The United Nations Office for the Coordination of Humanitarian Affairs in the Yemeni capital, Sana’a, has said that a total of 32 flights to Yemen have been canceled since the regime in Riyadh ordered a tightening of the blockade of the impoverished country.
Ahmed Ben Lassoued, a media official at the UN office, said Wednesday that 220 staffers were waiting to enter Yemen from Djibouti and Amman and another 330 were ready to depart from Sana’a and other duty stations in northern Yemen.
“The blockade imposed on the humanitarian flights is severely hampering humanitarian operations, impeding humanitarians to provide much-needed assistance to millions of people who rely on it for their survival,” said Ben Lassoued.

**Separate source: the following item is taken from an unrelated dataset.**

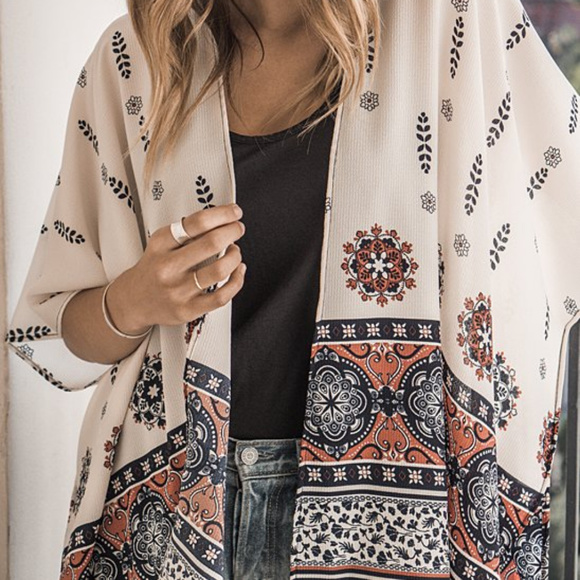 Ivory & Coral Arabesque Kimono - Picture 2 of 6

On Wednesday, the International Rescue Committee also called for a swift halt to the blockade, saying it is creating “humanitarian misery for millions of Yemenis.”
The New York-based humanitarian organization said the siege, which the Saudis tightened earlier this month to pressure the Houthi Ansarullah movement, was a “collective punishment” of the Yemenis.
The aid group said it was a disgrace for the international community to remain silent in the face of such a deadly blockade as it had even “enabled” the Saudis to restrict the Yemenis’ access to humanitarian aid.
More than 10,000 people, most of them civilians, have been killed in the two years of the Saudi-led military campaign against Yemen. More than three million have also been displaced as a result of the devastating airstrikes which have heavily affected Yemen’s already fragile infrastructure.